Go through the listing below, and from the line containing "a view of a bedroom with a bed and a window" through its last line, transcribe every line exactly, skipping pictures.

*** Given data ***

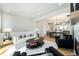 Spacious living room with hardwood floors and a white rug, featuring an open layout to the kitchen at 888 S Valentia St # 104, Denver, CO 80247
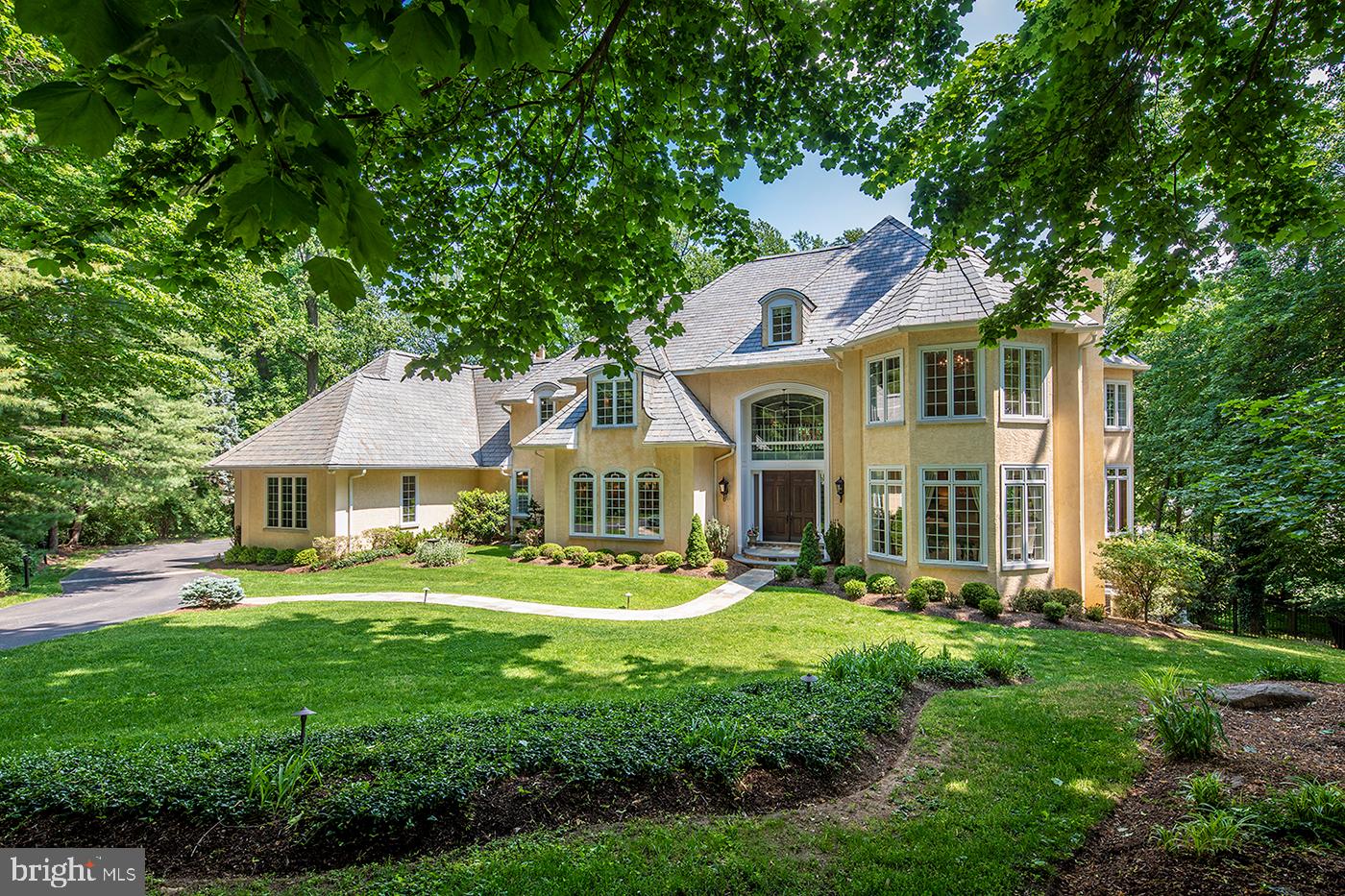 Unrivaled craftsmanship and meticulous attention to detail are on full display at this exquisite French Manor estate sited on over an acre in idyllic D’Orsay. An architectural gem in the heart of the award-winning Radnor Township, this impressive family home was thoughtfully custom built, boasting ultimate privacy, a premier lot location, soaring ceiling heights, and a timeless, high-end finish-out at the end of a quiet cul-de-sac development. Nearly every inch has been upgraded and impeccably maintained for modern-day, allowing for effortless luxury living indoors and out. Lushly landscaped and light-filled, it affords 7 bedrooms, 7 full and 3 half-bathrooms, a sparkling swimming pool and spa with tranquil fountains, fully equipped outdoor kitchen, and expansive deck with serene, heavily wooded views. Topping the allure are grand and intimate formal rooms built to entertain that were featured in Main Line Today magazine, and a fully finished walk-out basement. All of the major investment and remodeling has been done for you! This includes a recent chef’s kitchen with top-of-the-line appliances, ample countertops, 2 generous custom pantries and butler’s pantry, plus a tastefully renovated primary suite with a fireplace, spa bath, and custom walk-in closet. Other highlights are custom draperies and remote-controlled shades, beautifully refinished and newly installed hardwood and engineered hardwood floors, state-of-the-art Lutron lighting controls, whole house speakers, and so much more. There are original touches to admire too, from the stunning custom millwork to the 3 stately fireplaces, and handsome cherry-paneled study with floor-to-ceiling built-ins that’s ideal when working from home. For the consummate host, a grand marble entry and elegant formal dining room featuring hand-crafted plaster moldings and cabinetry set the tone. Even more fabulous features include a sweeping staircase, oversized windows streaming an abundance of natural light, richly appointed guest suites, each with private en-suite bath and walk in closet, a secondary family room and kitchenette, and secluded 3rd-floor level that’s great for an au-pair or in-law retreat. As the only house in the development with extra height in the poured foundation, the lower level walk-out basement is also a showstopper, offering high ceilings and a comfortable layout as the entertainment center of the house. This haven comes complete with a spacious gym, billiards and game room, an inviting home theatre. Tucked away on a quiet, tree-lined cul-de-sac, few offerings compare! A 3-car garage, easy walkable access to parks, train stations, top-rated schools and shops, and close proximity to the village and airport make this one a keeper. Don’t miss your chance to experience the beauty and lifestyle firsthand.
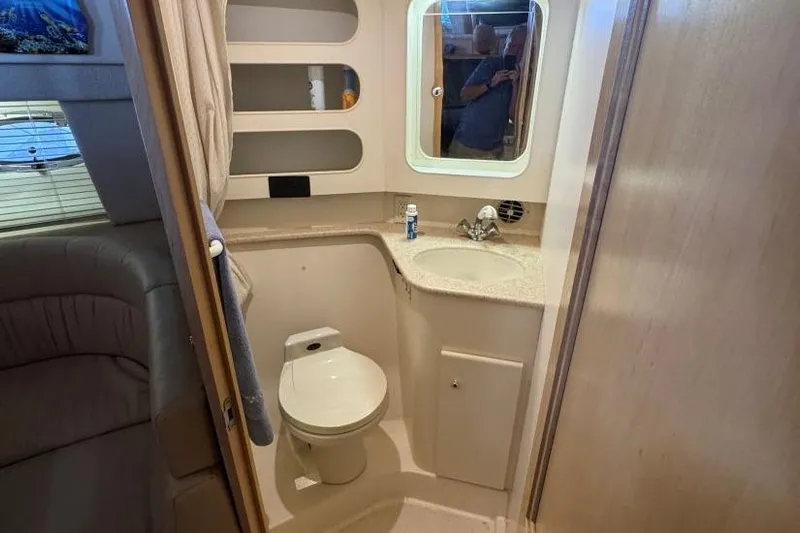  Yacht Photos Pics Bathroom interior of 1998 Carver 405 Motor Yacht with toilet, sink, and mirror.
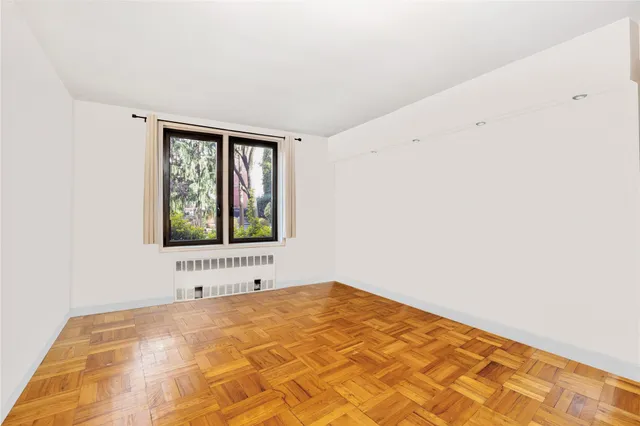 a view of a bedroom with a bed and a window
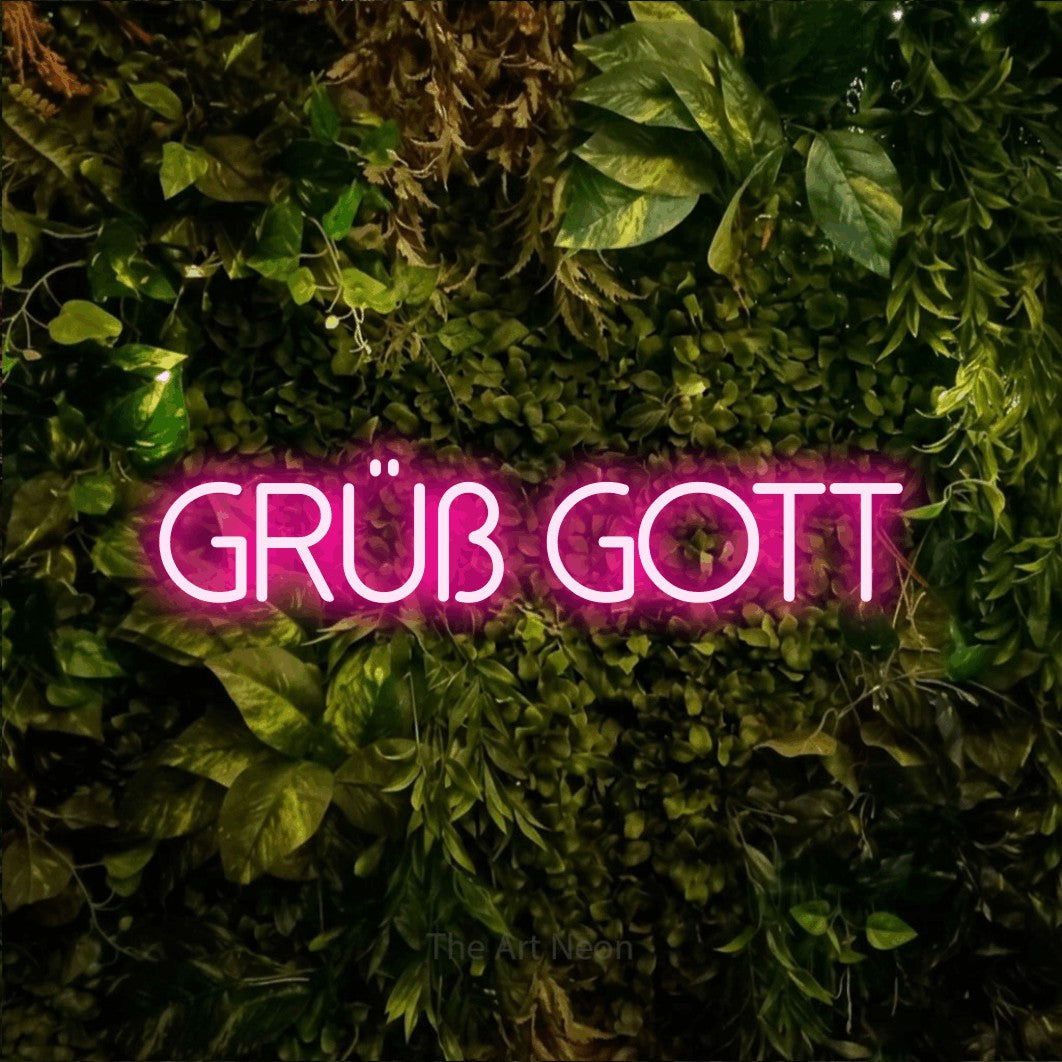 LED neon sign reading “grüß gott”, arranged in a single line.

*** End of Given data ***

**Response area:**
 a view of a bedroom with a bed and a window
 LED neon sign reading “grüß gott”, arranged in a single line.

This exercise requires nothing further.